1968 Central Utah Water Conservancy District Ribbon Cutting event (series 200).
1968 Central Utah Water Conservancy District Ribbon Cutting event (series 200).

The CUWCD set to work by first organizing water development projects around the state into seven distinct geographic units: Vernal, Upalco, Jensen, Bonneville, Uinta, and Ute Indian. Setting project priorities and allocating resources has often proved contentious, particularly as projects went over time and budget throughout the latter 20th century. For example, in 1965 the Bonneville Unit (the single largest unit of the CUP) was allotted $302 million in funds to complete its associated water projects. Construction delays and the passage of time meant that, by 1985, over $2 billion in funds had actually been spent developing the Bonneville Unit.

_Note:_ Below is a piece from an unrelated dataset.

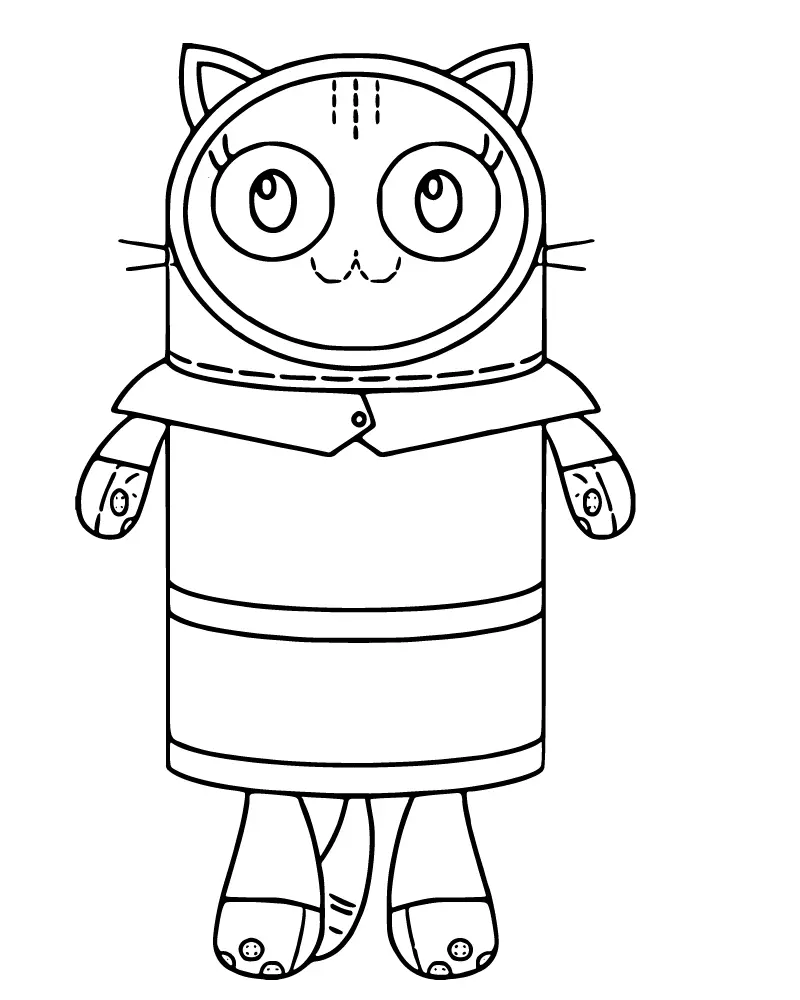 Gato Almohada para Colorear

The early history of work done for the CUP, as well as ongoing debates of how to fund the project appear throughout several record series held by the Utah State Archives. These include Upper Colorado River project files from the office of Governor George D. Clyde (1957-1965), correspondence records from the office of Governor Calvin Rampton (1965-1977), natural resource working files from the office of Utah Governor Scott Matheson (1977-1985), and correspondence records from Governor Matheson’s office.

COMPLETING THE CUP

Over time it became increasingly clear that the broad, ambitious goals of the CUP would be bogged down by both slow construction, as well as a lack of adequate ongoing funding and support from the federal government. Funding for the CUP (through the Bureau of Reclamation) was often a contentious point of debate among federal lawmakers, and the entire project was nearly defunded completely during the term of President Jimmy Carter (1977-1981).

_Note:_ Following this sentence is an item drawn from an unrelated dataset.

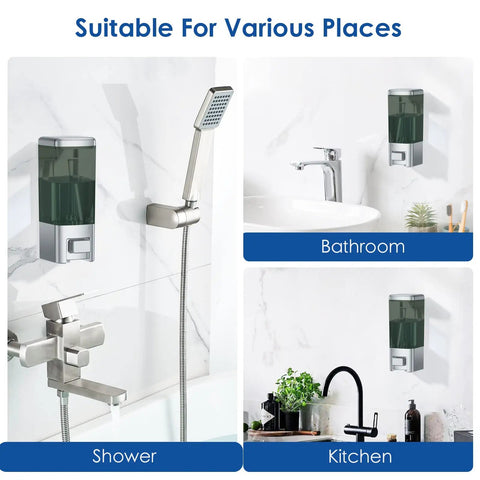 Robust Wall Mount Manual Soap Dispenser 17 Oz Large Capacity Refillable Pump For Kitchen And Bathroom shown in shower and kitchen settings.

1968 CUP News Report (series 200).
1968 CUP News Report (series 200).

The tendency to stall or delay water projects ultimately led to an unprecedented action in 1992, when Utah’s state and local officials asked the federal government to turn over authority to complete all unfinished CUP work to the CUWCD. This request was granted with passage of the 1992 Central Utah Project Completion Act (CUPCA). This legislation authorizes the CUWCD to oversee completion of CUP projects, particularly those in the Bonneville unit which includes areas of exploding population growth along the Wasatch Front. In addition, the legislation provides a means for over-site and environmental mitigation of CUP work to be overseen by the U.S. Department of the Interior through a newly created CUPCA office.

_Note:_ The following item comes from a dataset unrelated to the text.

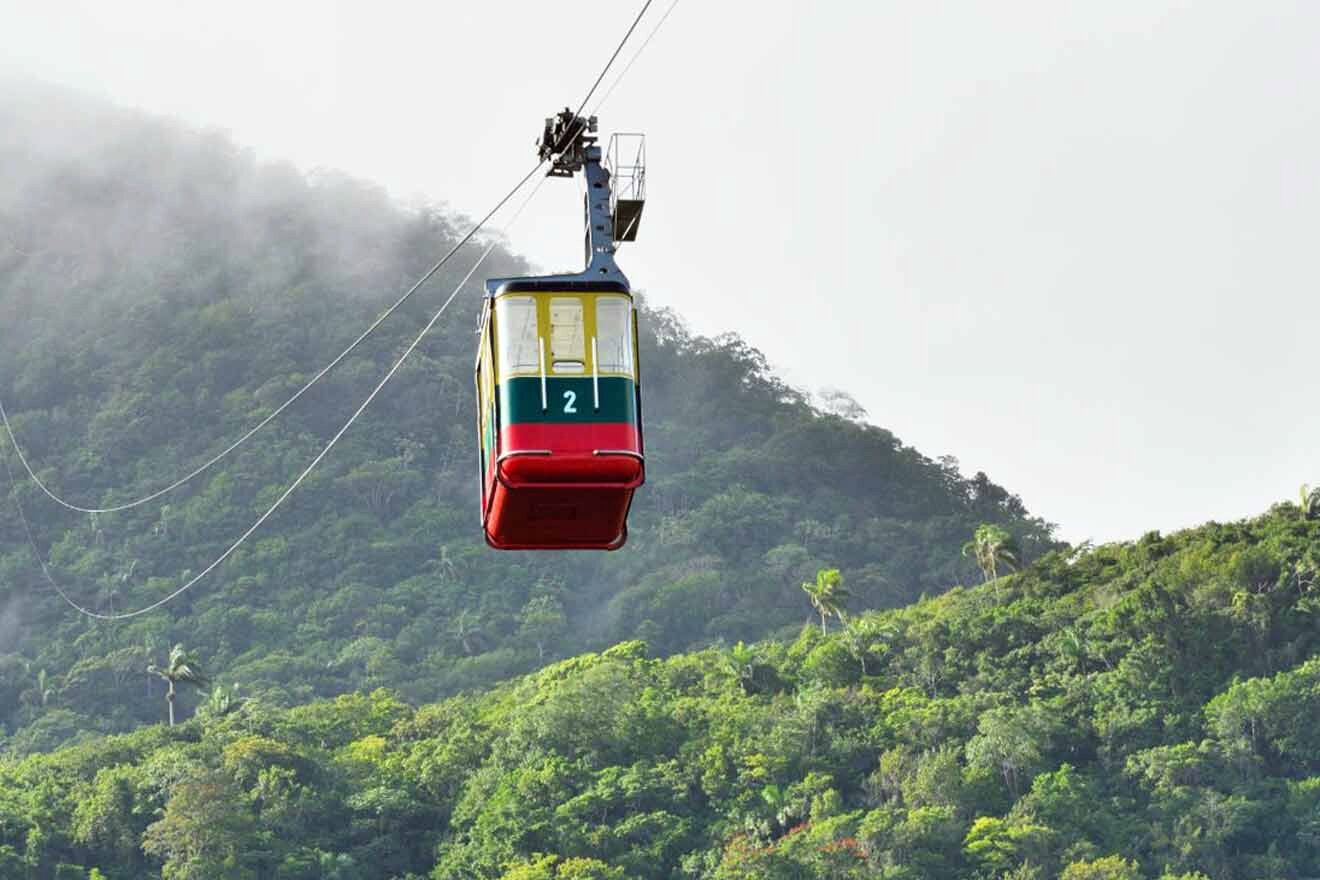 A cable car is flying over a green forest.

This climactic moment in the CUP’s history, as well as the negotiations that took place to secure passage of the CUPCA, can be traced in records held by the Utah State Archives, including Governor Norman Bangerter’s Washington Office records, as well as Governor Bangerter’s Chief of Staff correspondence records.

UNKNOWN FUTURES

The future of the Colorado River, and its millions of users, is a hazy one. How reliable will the river’s flow remain, particularly in the face of changing environmental conditions and exploding population centers in the western United States? Water allocations from the Colorado River have been re-calibrated at points in the past, based on lower flows and the fact that the original numbers agreed to in the 1922 Colorado River Compact were based on unusually (and unsustainable) high years of river flow.

A similarly unknown future faces the major water storage projects along the river, including those that compose the Central Utah Project. Consider, for example, the unknown fate of the Hoover Dam, an aging structure holding back a dwindling water supply that is currently being drawn on by more people than at any other point in its history.

Major questions concerning the Colorado River, and its use, face each of the western states that rely heavily on its water. Will the answer be a doubling down on the types of costly reclamation efforts that were meant to help the arid southwest “bloom like a rose?” Or will the answers increasingly take the shape of users learning how to more efficiently utilize the regions most critical resource? Whatever way the future flows, it is clear that the Law of the River is still, very much, a work in progress.